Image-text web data
══════════

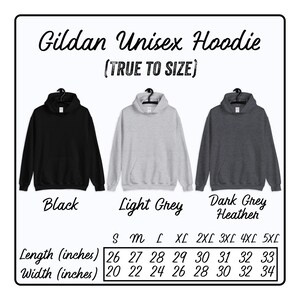 May include: A size chart for Gildan unisex hoodies in black, light grey, and dark grey heather. The chart shows the length and width in inches for sizes S through 5XL.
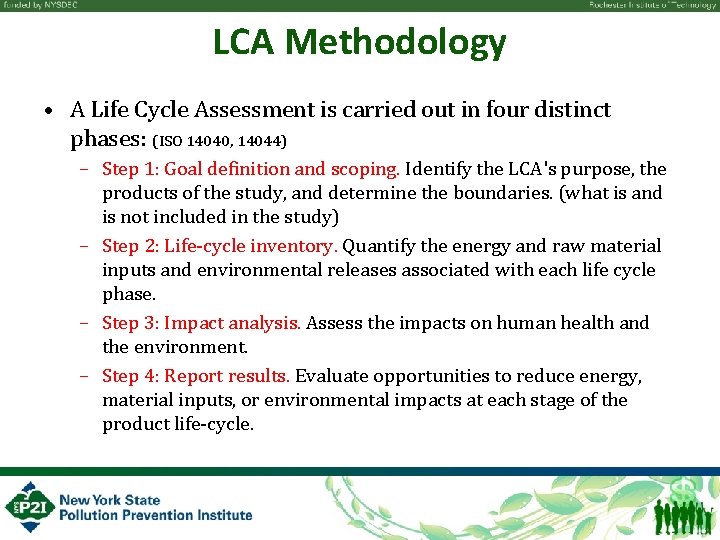 LCA Methodology • A Life Cycle Assessment is carried out in four distinct phases:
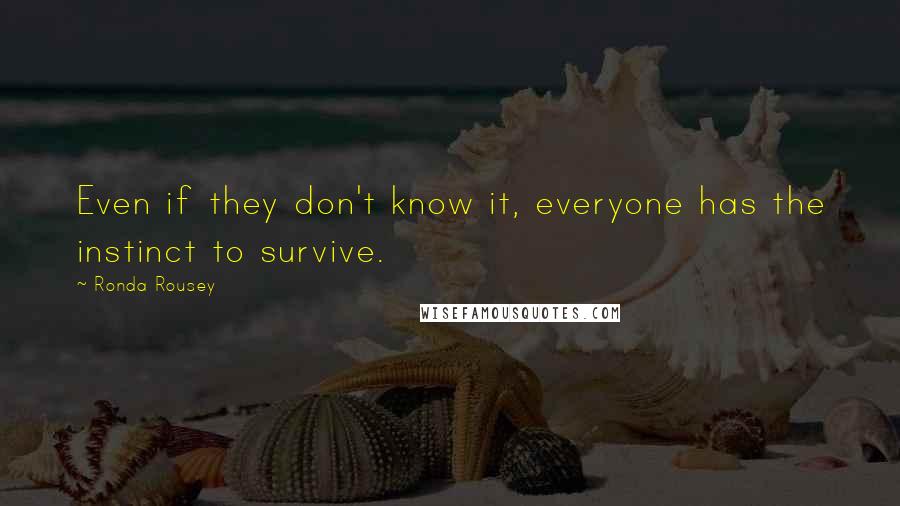 Ronda Rousey Quotes: Even if they don't know it, everyone has the instinct to survive.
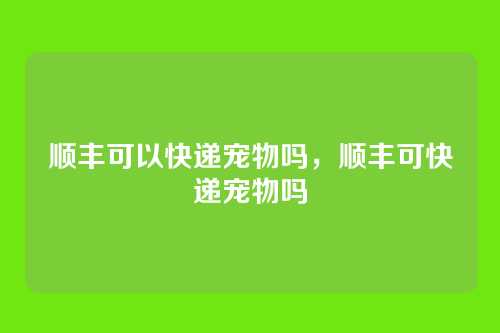 顺丰可以快递宠物吗,顺丰可快递宠物吗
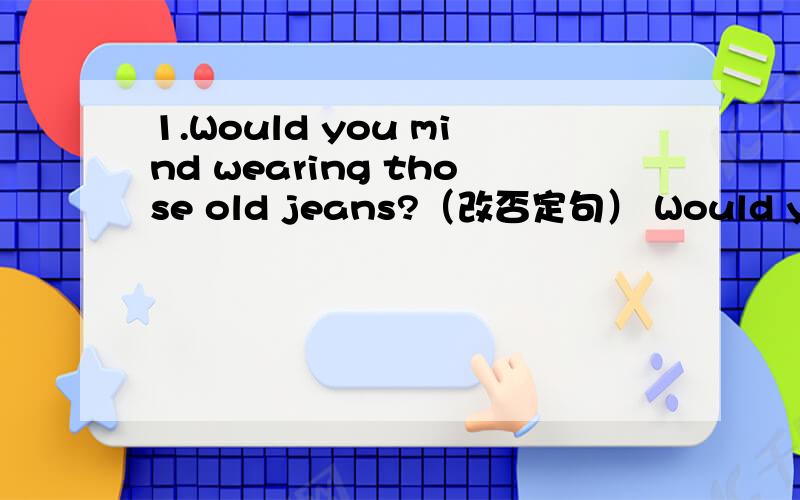 1.Would you mind wearing those old jeans?（改否定句） Would you ____ ____ _____ those old jeans? 2.1.Would you mind wearing those old jeans?（改否定句）Would you ____ ____ _____ those old jeans?2.She needs some help.（改为否定句）S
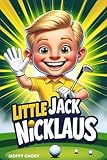 LITTLE JACK NICKLAUS: How a Boy with Big Dreams Became a Golf Champion (Little Inspiring Golf Icons Biography For Kids)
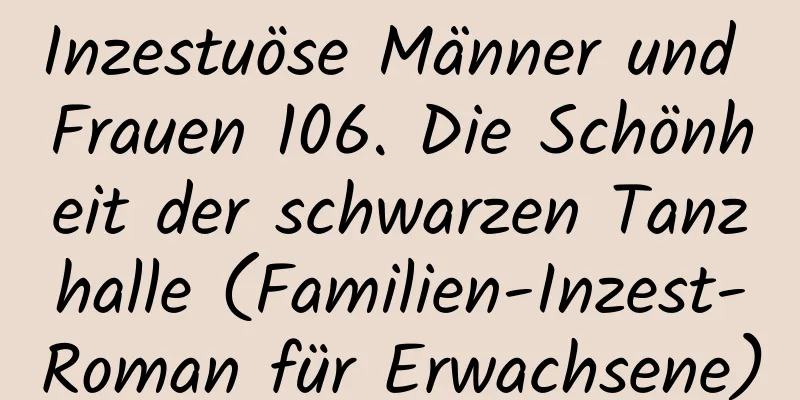 Inzestuöse Männer und Frauen 106. Die Schönheit der schwarzen Tanzhalle (Familien-Inzest-Roman für Erwachsene)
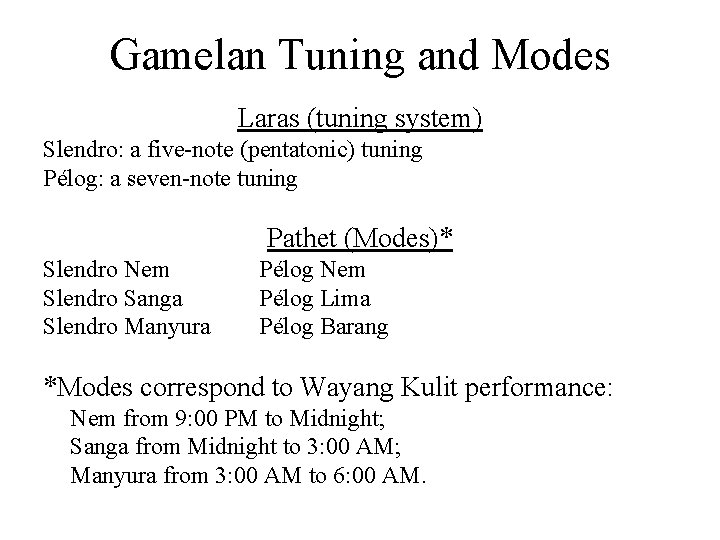 Gamelan Tuning and Modes Laras (tuning system) Slendro: a five-note (pentatonic) tuning Pélog: a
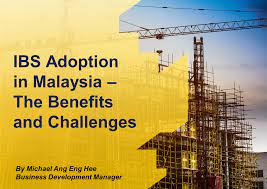 With the implementation of ibs gamuda has made a. Ibs Adoption In Malaysia The Benefits And Challenges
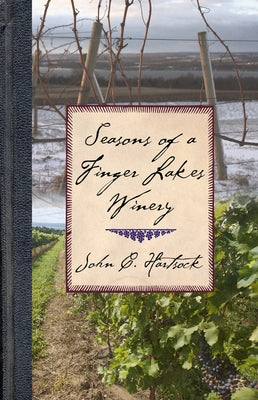 Seasons of a Finger Lakes Winery by Hartsock, John C.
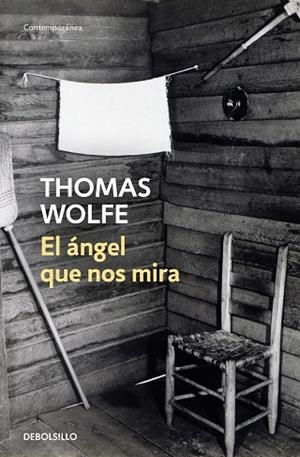 ÁNGEL QUE NOS MIRA, EL | 9788466364300 | WOLFE, THOMAS | Llibreria Drac - Librería de Olot | Comprar libros en catalán y castellano online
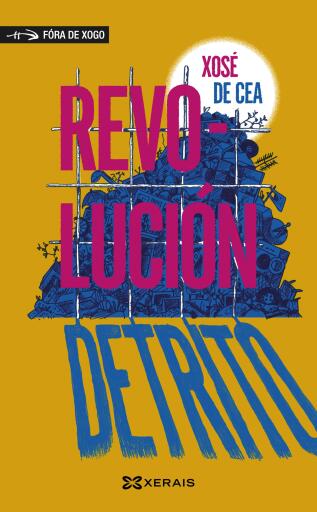 Portada del libro «Revolución Detrito», de Xosé de Cea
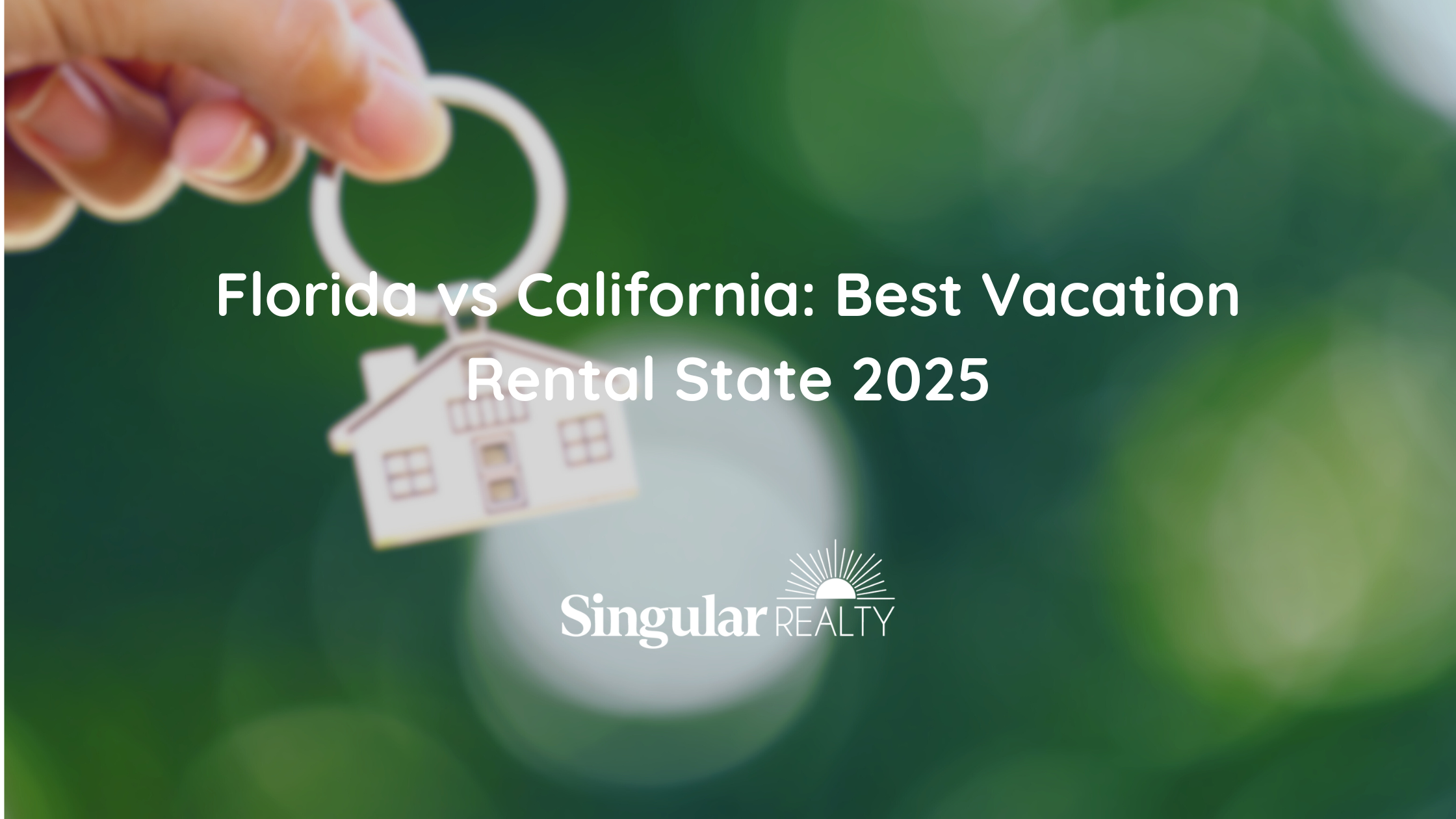 Florida vs California: Best Vacation Rental State 2025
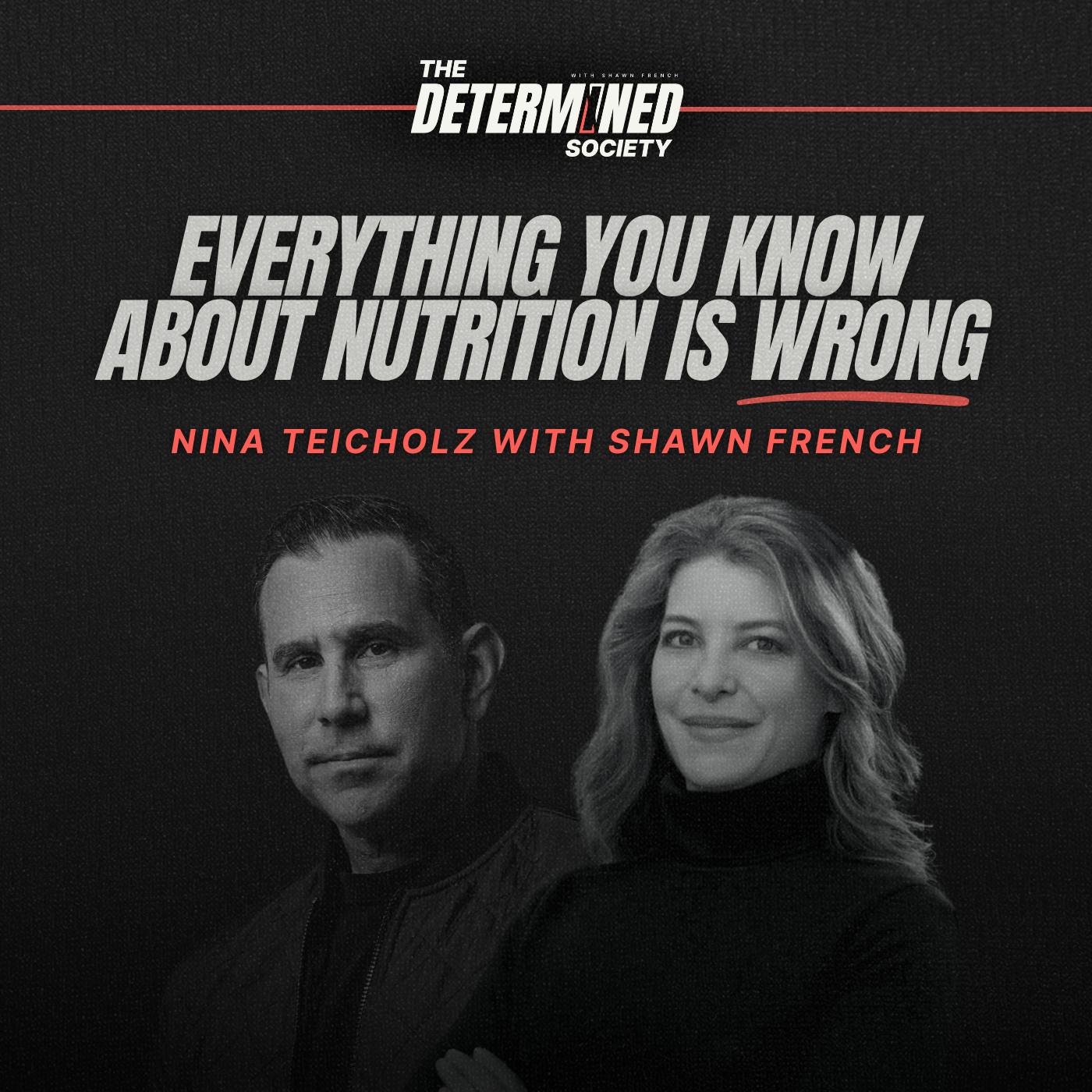 Everything You Know About Nutrition Is Wrong with Nina Teicholz by Shawn French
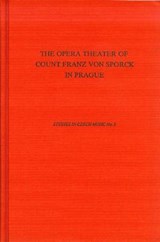Opera Theater of Count Franz Anton von Sporck in Prague (1724-35) - FREEMAN,  Daniel E. - 9780945193173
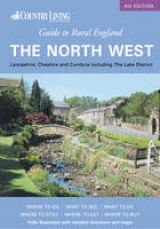 Country Living Guide to Rural England - the North West - Gerrard, David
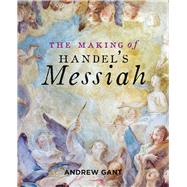 The Making of Handel’s Messiah 9781851245062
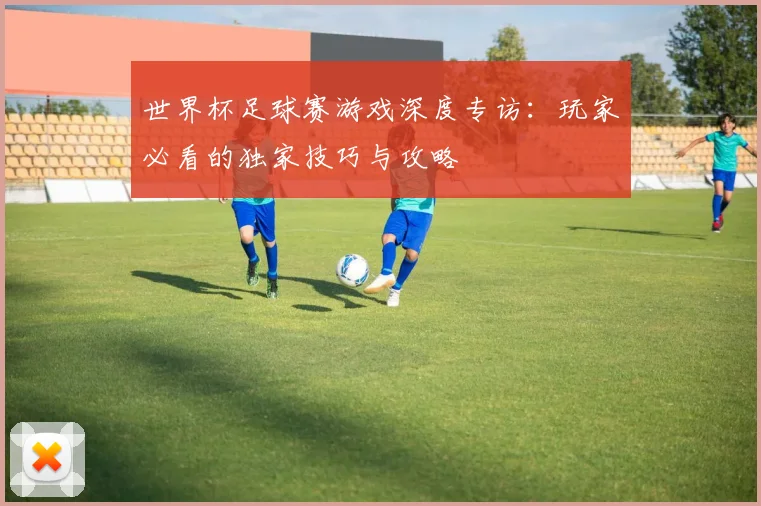 世界杯足球赛游戏深度专访:玩家必看的独家技巧与攻略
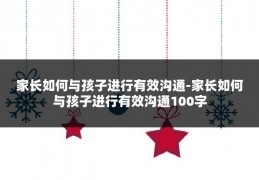 家长如何与孩子进行有效沟通-家长如何与孩子进行有效沟通100字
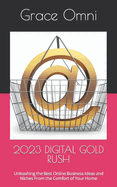 2023 Digital Gold Rush: Unleashing the Best Online Business Ideas and Niches From the Comfort of Your Home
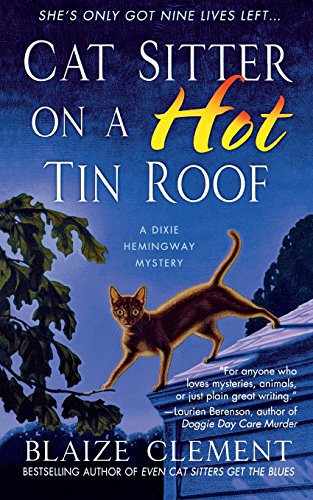 Cat Sitter on a Hot Tin Roof book cover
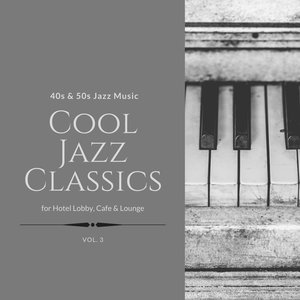 Cool Jazz Classics: 40s & 50s Jazz Music for Hotel Lobby, Cafe & Lounge, Vol. 03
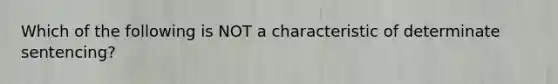 Which of the following is NOT a characteristic of determinate sentencing?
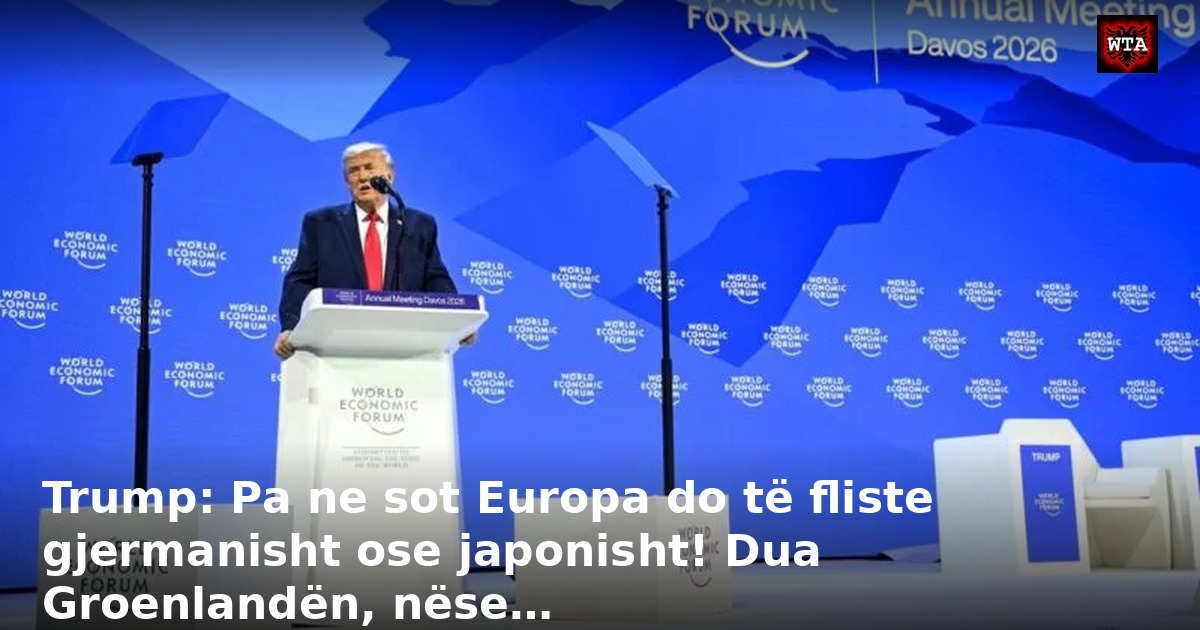 Trump: Pa ne sot Europa do të fliste gjermanisht ose japonisht! Dua Groenlandën, nëse…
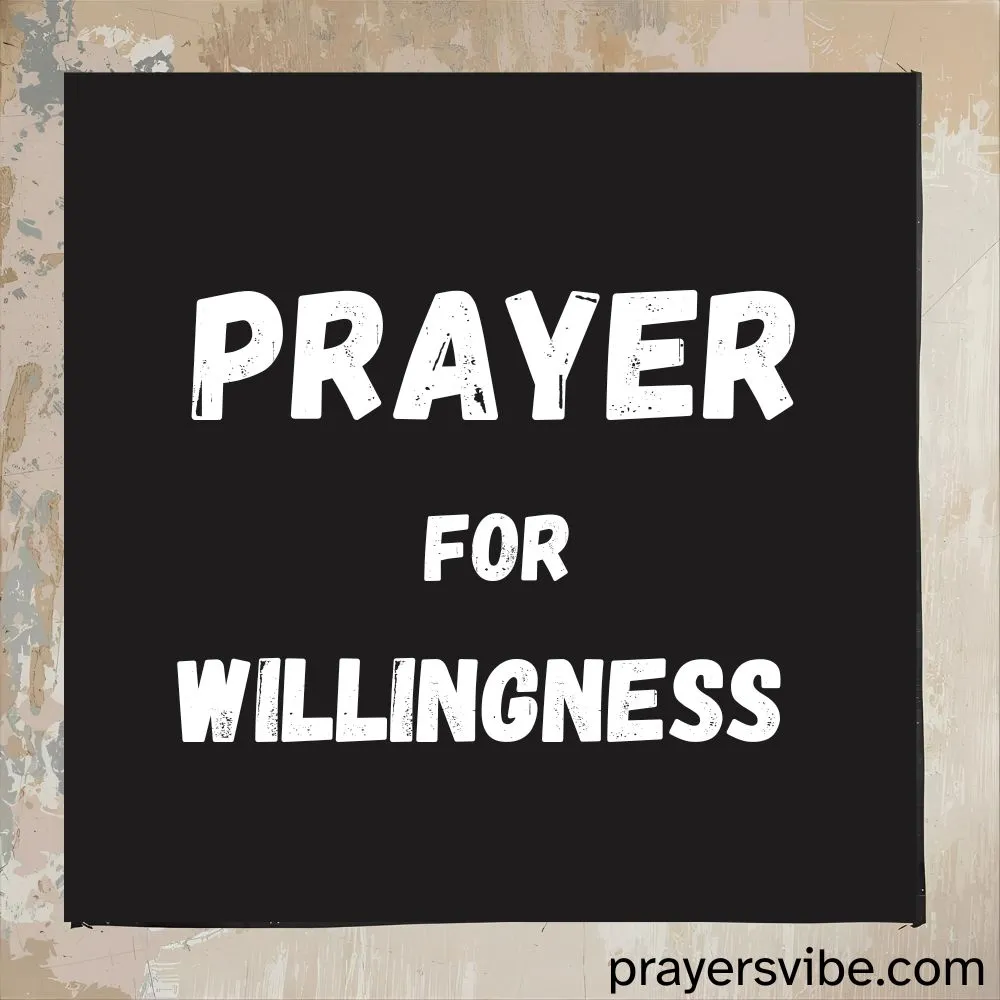 Prayer for Willingness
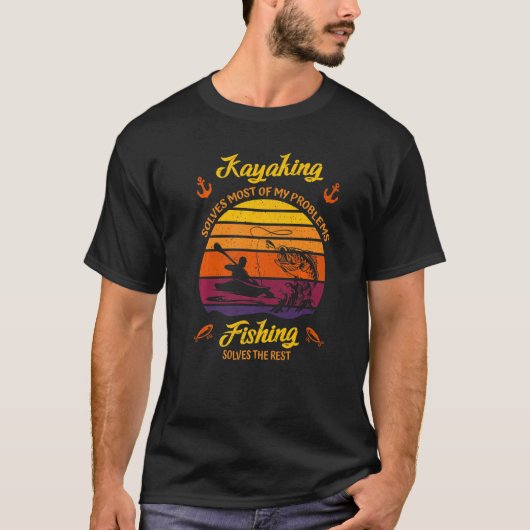 カヤックが私の問題の大部分を解決魚釣りが解決 Tシャツ (正面)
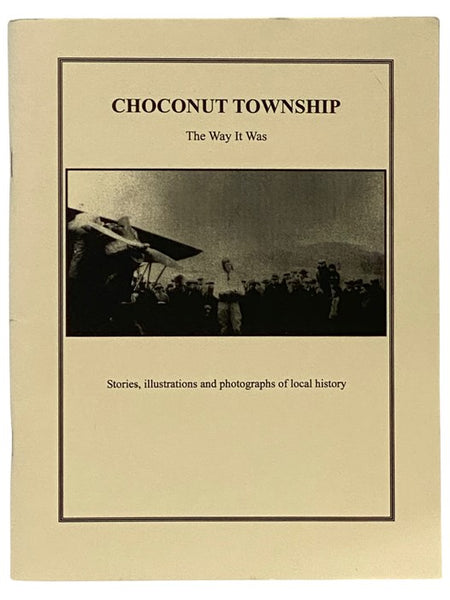 Choconut Township: The Way It Was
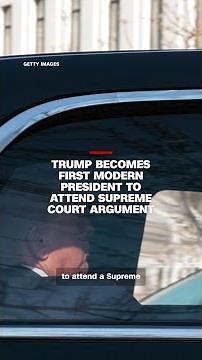 Trump becomes first modern president to attend Supreme Court argument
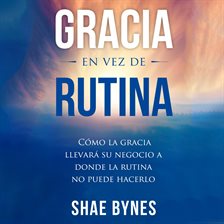 Cover image for Gracia en vez de rutina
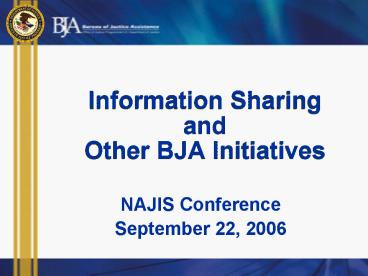 Information Sharing and Other BJA Initiatives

══════════

▸ **Work instructions**
Give the lines again exactly, starting where the entries begin and stopping once the line with "顺丰可以快递宠物吗,顺丰可快递宠物吗" is included; pictures are not copied.

▸ **Exercise solution**
 May include: A size chart for Gildan unisex hoodies in black, light grey, and dark grey heather. The chart shows the length and width in inches for sizes S through 5XL.
 LCA Methodology • A Life Cycle Assessment is carried out in four distinct phases:
 Ronda Rousey Quotes: Even if they don't know it, everyone has the instinct to survive.
 顺丰可以快递宠物吗,顺丰可快递宠物吗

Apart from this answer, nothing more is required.